Ken, that is one great looking 8N. The owner should be proud. 

I got to ask, Has the picture be doctored? Not the tractor area but over on the right up just a little for the bottom and up to passed the rear tire. Could be my ’puter or my old eyes?

:cpu:


----------



## psrumors (Apr 25, 2004)

John, your right, something is a miss there.


----------



## Ingersoll444 (Sep 17, 2003)

Looks like maybe there was another tractor in the picture that was taken out.

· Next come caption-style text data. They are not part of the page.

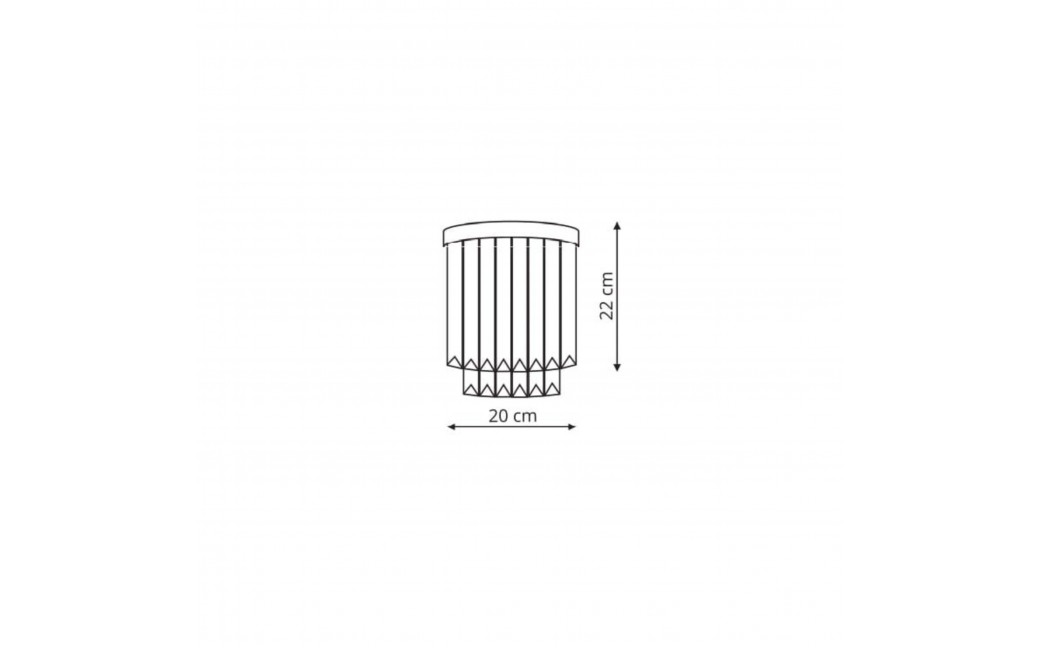 Light Prestige Vetro kinkiet E14 transparentny/chrom LP-2910/1W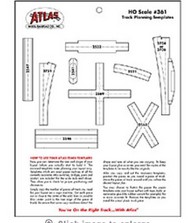  Atlas  HO Track Planning Template* ATL361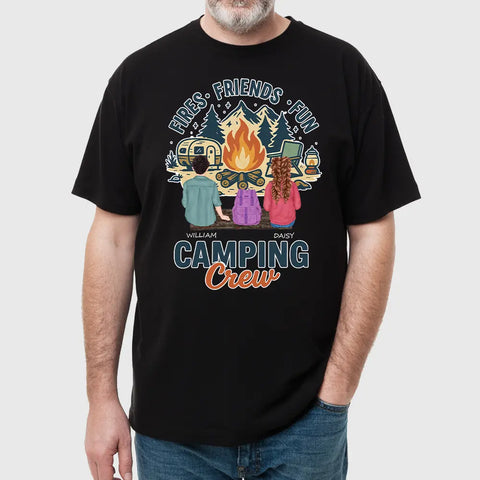 Camping Family - Camisetas de algodón personalizadas, sudaderas, sudaderas con capucha, regalos para los amantes del camping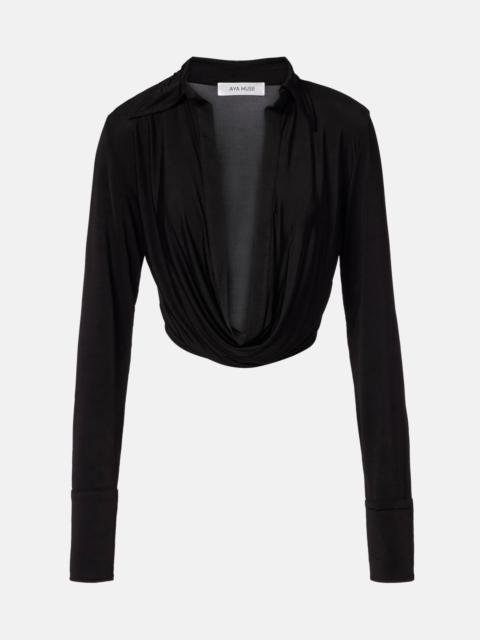 Freya draped crop top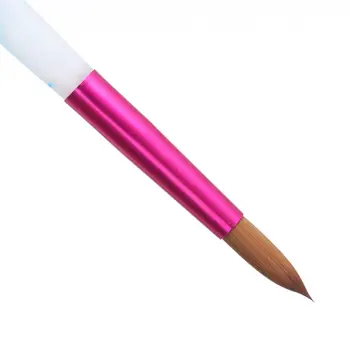 1 BUC Femeile UV Gel Constructor de Unghii de Arta Aciclice Pulbere Instrument Pen Sculptură Sable Pictura Unghiilor Manichiura Perie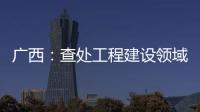 廣西：查處工程建設領域腐敗問題440件 處分470人
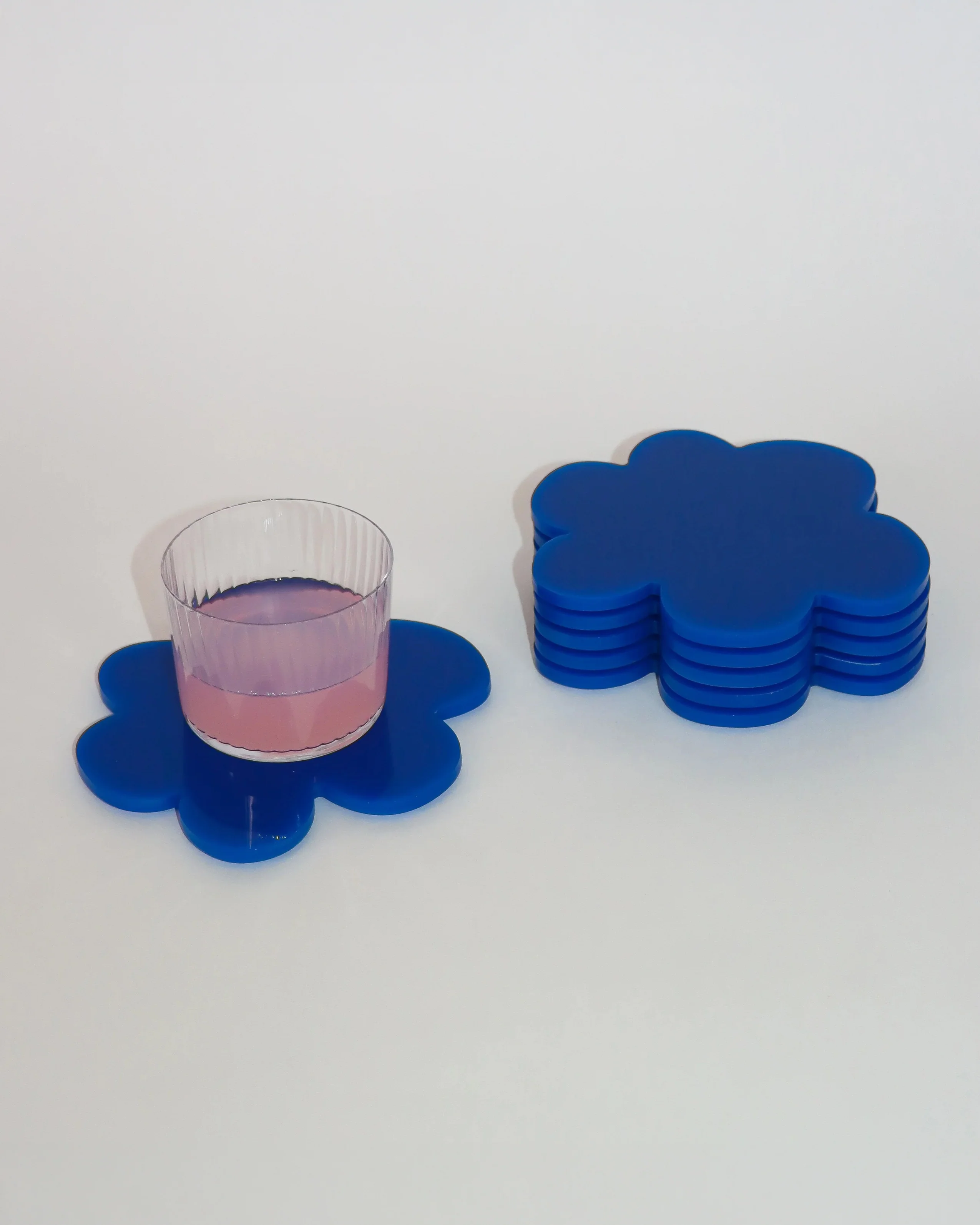 Flower Coaster - Dark Blue - Image 2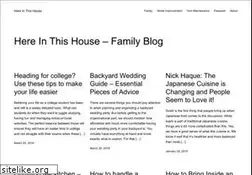 Sites similar to hereinthishouse.com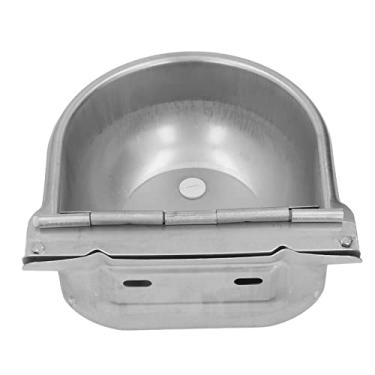 Imagem de aqxreight Bebedouro para Vacas Alimentador Automático de Aço Inoxidável Tigela para Bebedouro de Gado Superfície Em Concha e para lá para Vacas Tigela para Beber GadoAlimentador Automático para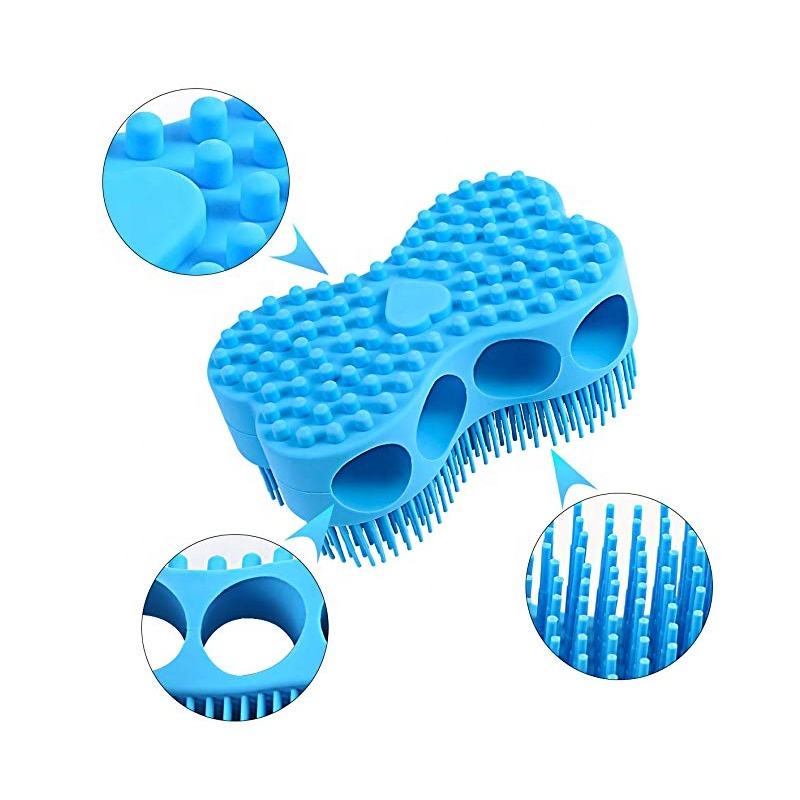 Wellfine 100% Silicone Gentle Nubs Massage Scrubber Skin Exfoliation Cellulite Treatment Silicone Brush Shower Baby Brush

GREAT looking tractor though. I realy am inpressed with the job some people can do. I know the best I could hope for is a nice worker out of mine. Realy not enough to work with


----------



## Ken N Tx (Sep 20, 2003)

> _Originally posted by John-in-Ga _
> *Ken, that is one great looking 8N. The owner should be proud.
> 
> I got to ask, Has the picture be doctored? Not the tractor area but over on the right up just a little for the bottom and up to passed the rear tire. Could be my ’puter or my old eyes?
> ...


Dragnet: "Some names have been changed to protect the innocent"


----------



## John-in-Ga (Sep 22, 2003)

Thanks Ken, Like Jack Web, we wanted "just the facts, Sir." 

Again great looking tractor.

:cpu:


----------



## gmmiller1 (Dec 15, 2004)

*Inferior Distributor Parts Quality*

whoops! Wrong place!


----------